Richard Dewey (Associate Director, Research)

On April 30, 2011, VENUS captured the deep water renewal event in the Strait of Georgia.
At exactly 6:56UTC, an abrupt hydrographic “front” crossed the VENUS SoG Central site. The temperature (red) dropped 0.6 degree and the oxygen concentration (magenta) nearly doubled. The 0.6C temperature drop occurred between two samples taken one minute apart! This cold front was accompanied by a sharp increase in the dissolved oxygen concentration, rising from 2.8 ml/l to 4.4 ml/l. There was, rather surprisingly, little salinity (green) change associated with the arrival of this water mass, although the salinity had started dropping slightly on April 29. A density increase (blue line) at the front is attributed entirely to the colder temperatures. Over the next few days, (May 1-3), there were short excursions into the original warmer/low oxygen water at the end of the large flood, suggesting that the cold front had approached from the north.

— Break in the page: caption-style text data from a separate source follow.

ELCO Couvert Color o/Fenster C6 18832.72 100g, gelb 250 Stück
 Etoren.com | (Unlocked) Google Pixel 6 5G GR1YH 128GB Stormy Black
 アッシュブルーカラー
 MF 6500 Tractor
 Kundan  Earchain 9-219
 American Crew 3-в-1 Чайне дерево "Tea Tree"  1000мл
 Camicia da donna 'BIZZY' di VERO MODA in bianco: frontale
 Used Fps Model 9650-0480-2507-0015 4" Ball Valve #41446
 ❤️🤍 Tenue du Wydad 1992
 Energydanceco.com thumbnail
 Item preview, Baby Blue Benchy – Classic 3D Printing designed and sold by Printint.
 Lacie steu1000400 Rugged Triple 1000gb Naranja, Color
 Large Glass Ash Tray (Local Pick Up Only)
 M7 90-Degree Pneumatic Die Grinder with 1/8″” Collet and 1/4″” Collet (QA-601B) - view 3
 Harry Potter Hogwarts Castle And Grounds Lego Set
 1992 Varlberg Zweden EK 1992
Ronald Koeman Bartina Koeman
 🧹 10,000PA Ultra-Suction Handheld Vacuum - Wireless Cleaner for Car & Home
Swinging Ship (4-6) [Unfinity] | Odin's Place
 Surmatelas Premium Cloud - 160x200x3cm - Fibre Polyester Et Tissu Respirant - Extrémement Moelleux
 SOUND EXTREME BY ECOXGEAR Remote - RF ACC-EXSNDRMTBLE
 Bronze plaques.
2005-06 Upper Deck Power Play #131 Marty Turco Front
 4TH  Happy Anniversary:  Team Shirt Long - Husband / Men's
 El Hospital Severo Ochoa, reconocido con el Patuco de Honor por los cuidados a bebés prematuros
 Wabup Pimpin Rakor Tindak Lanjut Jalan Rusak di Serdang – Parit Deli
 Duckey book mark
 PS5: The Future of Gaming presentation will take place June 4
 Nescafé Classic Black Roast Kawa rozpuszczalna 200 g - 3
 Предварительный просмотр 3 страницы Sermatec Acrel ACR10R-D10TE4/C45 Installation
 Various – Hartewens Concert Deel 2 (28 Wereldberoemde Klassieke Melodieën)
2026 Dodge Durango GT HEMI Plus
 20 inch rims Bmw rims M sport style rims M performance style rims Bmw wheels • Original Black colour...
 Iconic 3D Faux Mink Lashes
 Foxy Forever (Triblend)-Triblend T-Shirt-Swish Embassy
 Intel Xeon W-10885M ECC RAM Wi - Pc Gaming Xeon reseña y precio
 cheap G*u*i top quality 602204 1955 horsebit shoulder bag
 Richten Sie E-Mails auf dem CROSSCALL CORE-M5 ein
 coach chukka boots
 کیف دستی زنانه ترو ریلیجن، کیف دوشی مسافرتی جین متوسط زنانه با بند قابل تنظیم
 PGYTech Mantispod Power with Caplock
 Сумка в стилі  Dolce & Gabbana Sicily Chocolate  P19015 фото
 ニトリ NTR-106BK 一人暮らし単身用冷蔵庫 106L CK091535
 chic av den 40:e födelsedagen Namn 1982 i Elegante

By May 5, well into the spring tidal cycle (black) all water properties had returned to near pre-front conditions. In a paper by Diane Masson (Estuarine, Coastal and Shelf Science [2002], vol 54, pp 115-126) she identifies two periods when deep water renewals may occur; one in the late summer associated with the incursion of salty dense water, the other in late winter (now!) when cold dense water penetrates the deep regions of the Strait of Georgia.